As I was running through Sugar House Park recently, I wondered if anyone had heard of what had happened to Ahmaud Arbery.

Back in late February, Arbery, a 25-year-old black man, was killed by two white men in Brunswick, Ga., men who thought he was a suspect in a crime. He was not, but that possibility did not cross their minds. This error caused a bullet to enter the body of the 25-year-old who was doing nothing more than what I do five days a week in Salt Lake City.

When he told his mother he was going out for a run — in what was probably the manner in which I tell my husband I’m doing the same — he spoke his last words to the women who birthed him, while going to do what he loved.

Running can be peaceful for many people, but not always for people of color. As an Afro-Latina who has run more than 50 marathons, I can tell you stories of how others have enacted their racism on me for nothing more than being Black, Latinx and running. In Salt Lake City, in Boston, in Muncie, Ind., and more, I have had people yell the N-word at me while out on a run.
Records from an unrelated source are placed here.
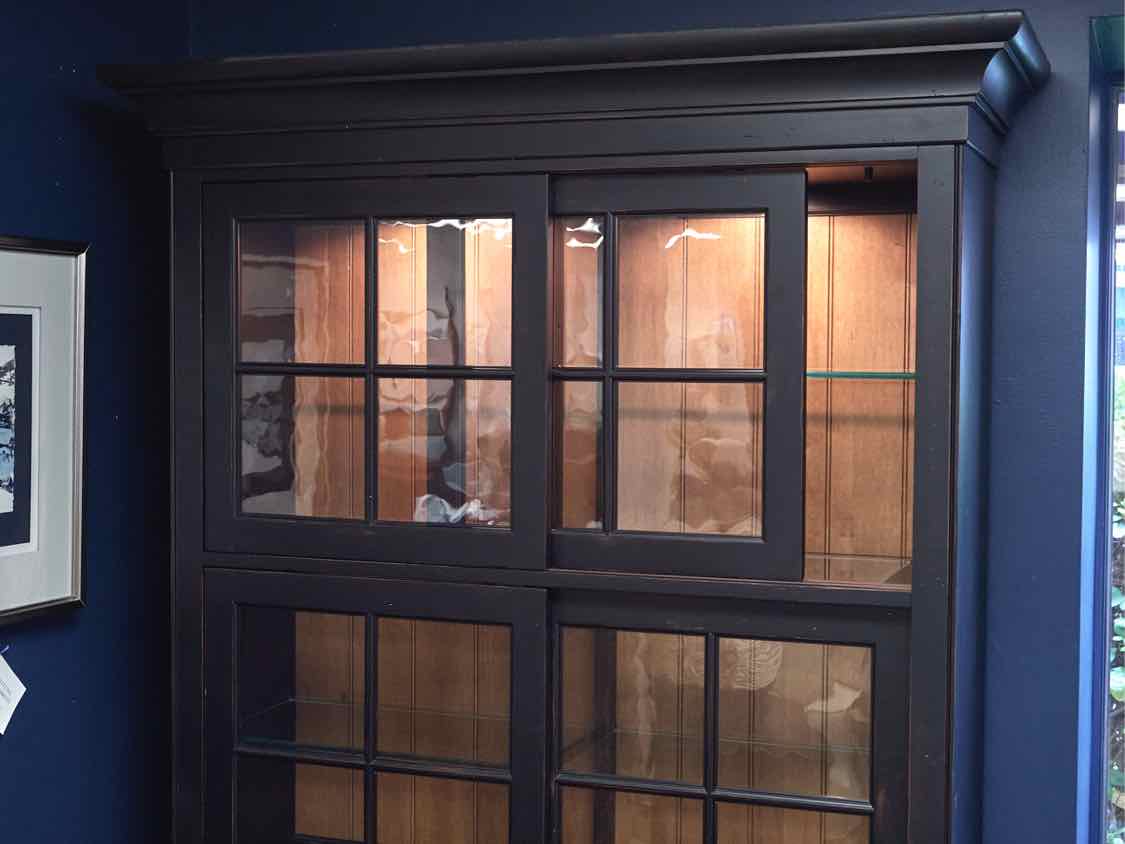Sliding Door Display Cabinet in Black with Natural Finish Interior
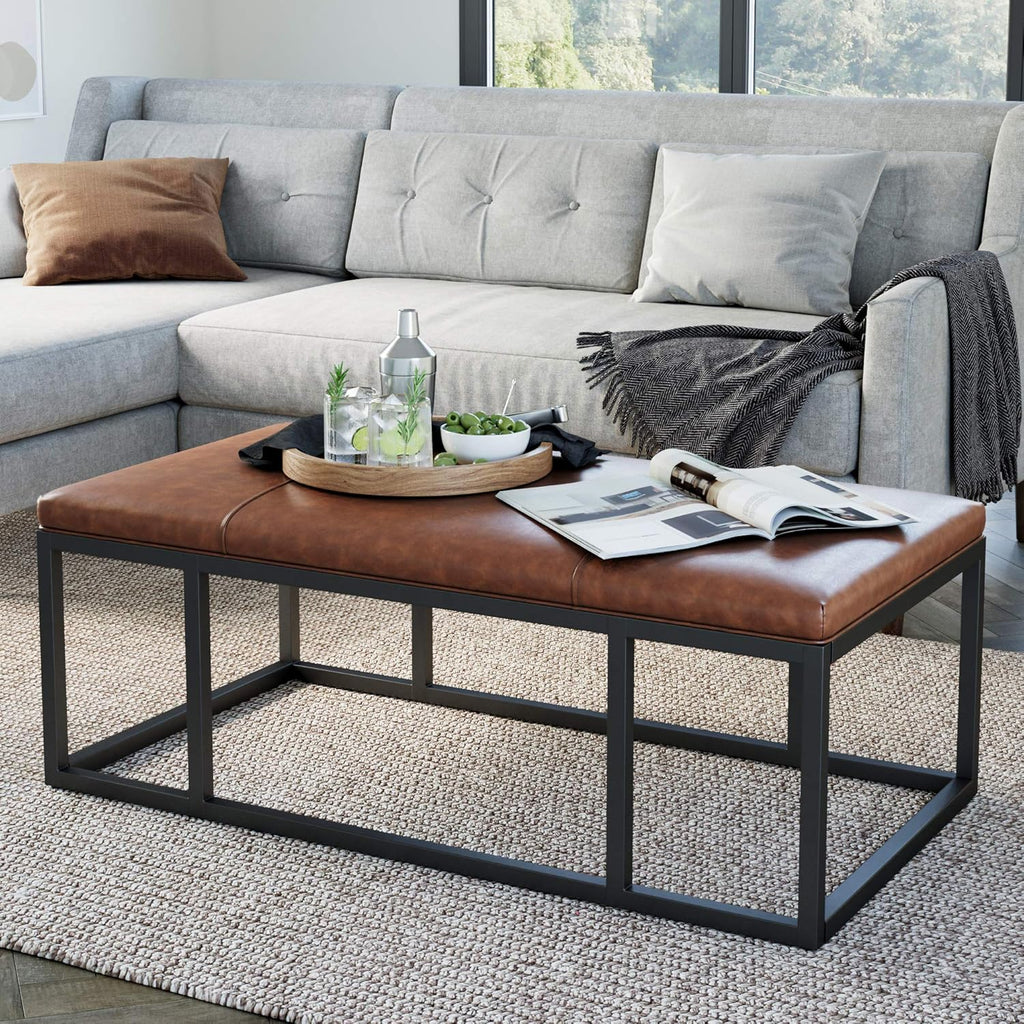 Walnut Acacia Veneer and Metal Rectangle Coffee Table Y4394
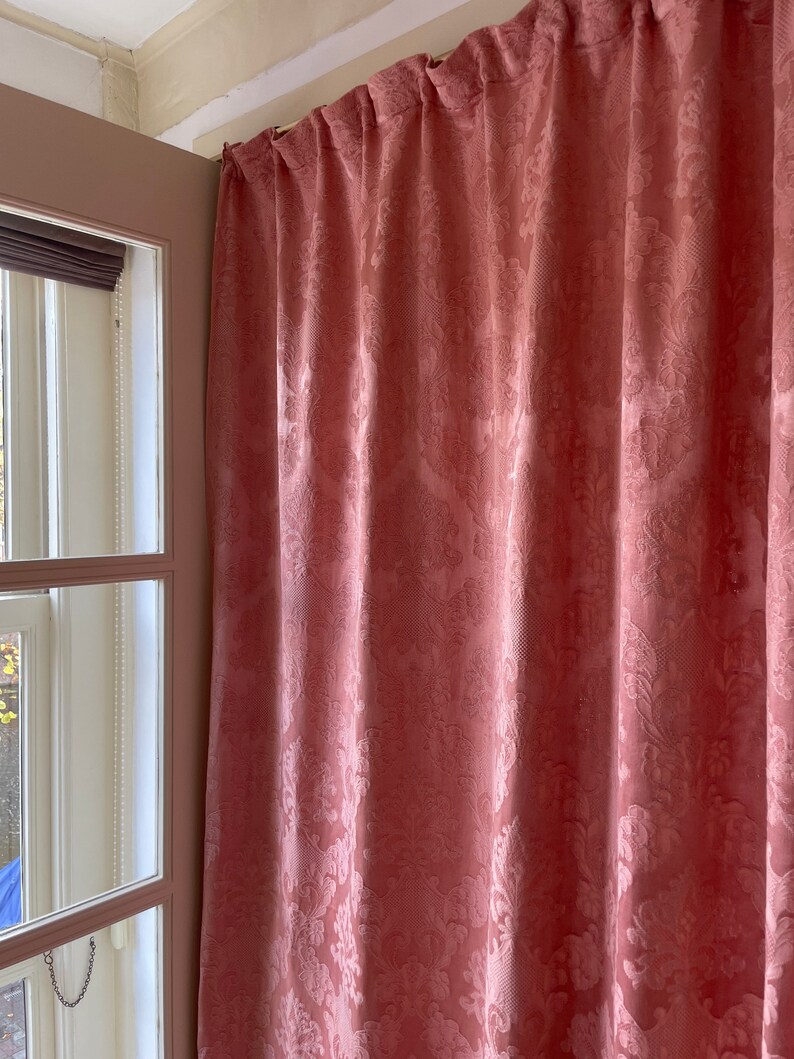 Romantic Pink French Silk Damask Curtains Etsy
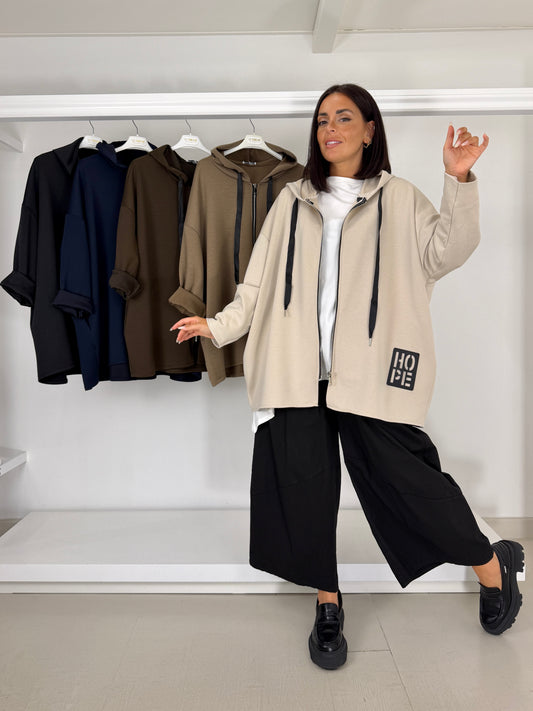 Giacca in neoprene a ovetto con cerniera
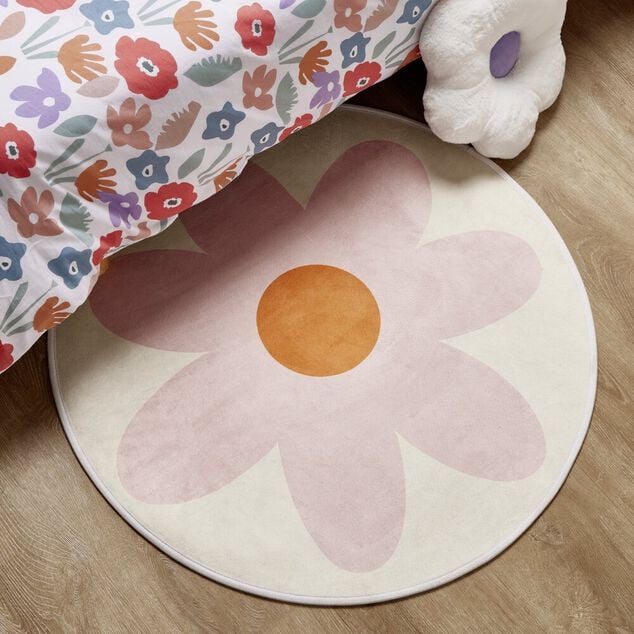 Tapis rond blanc motif fleur &Oslash;90cm (2 mod&egrave;les jaune ou rose)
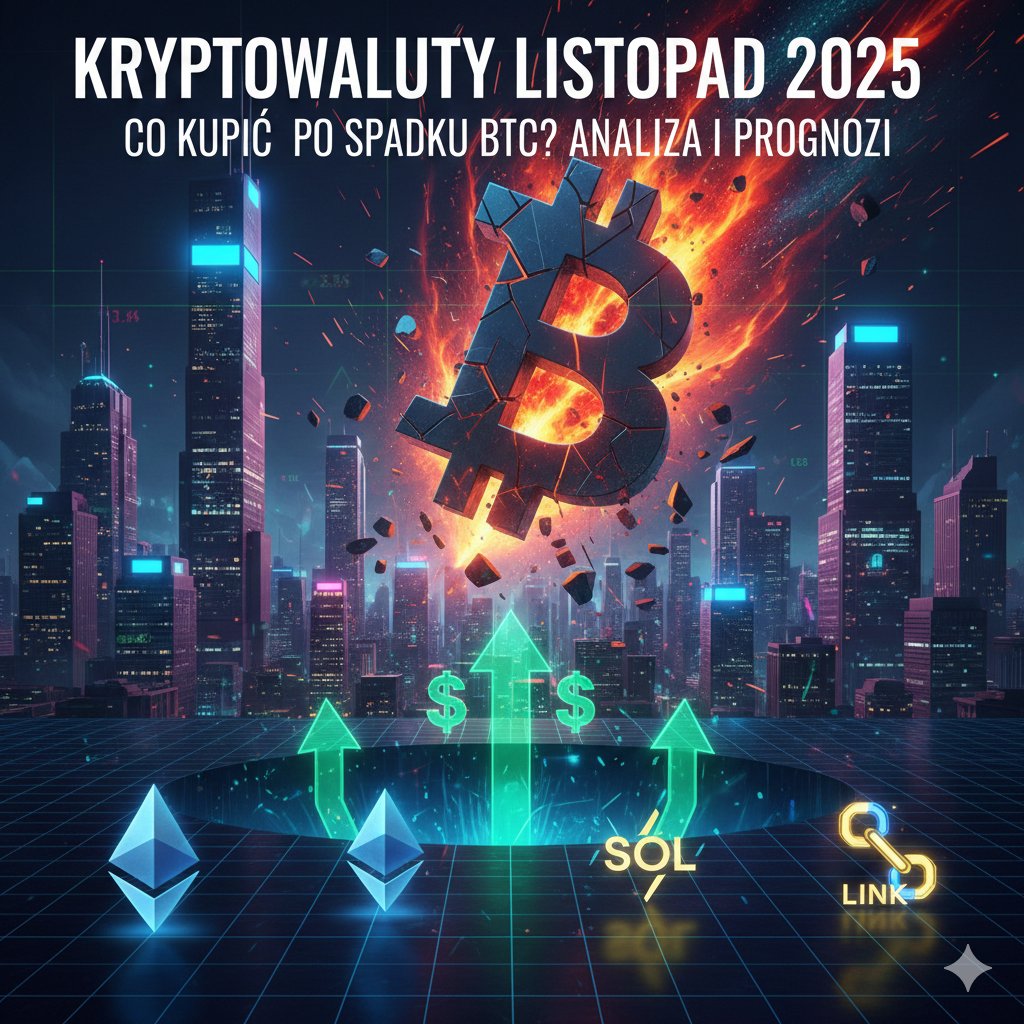 Kryptowaluty Listopad 2025: Spadający Bitcoin nad miastem z rosnącymi symbolami Ethereum, Solana i Chainlink – analiza rynku po korekcie.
Police officers have stopped and frisked. Drivers have slowed down enough to spit at me and yell something along the lines of “Go back to Africa” (or “Go back to Mexico” if I’m wearing a shirt with Spanish lettering). I’m not alone in these stories. Despite all of this hate, I have never, ever thought I could die doing what I love so much. Quite the opposite.

Going out for a run brings a sense of being alive. For some it may be about getting faster, for others it may be about practicing their meditative breathing. But for all, the ability to tie up the laces and move the body in a dance against the air is a way to demonstrate that we are living our lives to its fullest. We are alive. We do not expect our bodies to end up on a street with bullets ending our breathing.

The death Ahmaud Arbery changed all of that for me.

Being black and brown in America typically means being unable to live in peace. Experience tells me this is the truth. News reports inform us regularly of people of color being harassed and killed for any number of things white Americans simply do: Walking down the street, going home from a corner store, listening to music at a city park, selling cigarettes on the street. And now running.

It seems brown and black people are killed simply for being alive.

While some may be wary of running in the future as a result of Arbery’s murder, I for one choose to see his death as call for purpose.

I will continue to hear the N-word thrown my way when I run and others will tell me to go back to where they think I came from. Racism is a part of life and it shows its ugly head when I do the things I love as much as when I do the things I don’t.

But in memory of Ahmaud Arbery, I will remember that the best way to fight back is to live my life doing what I love. And that is to run.

Because to run as a person of color is to live. Fully. No bullet can stop that mindset.

Ivy Farguheson

Ivy Farguheson, Salt Lake City, is an avid runner who is completing her 50 marathons in 50 states journey.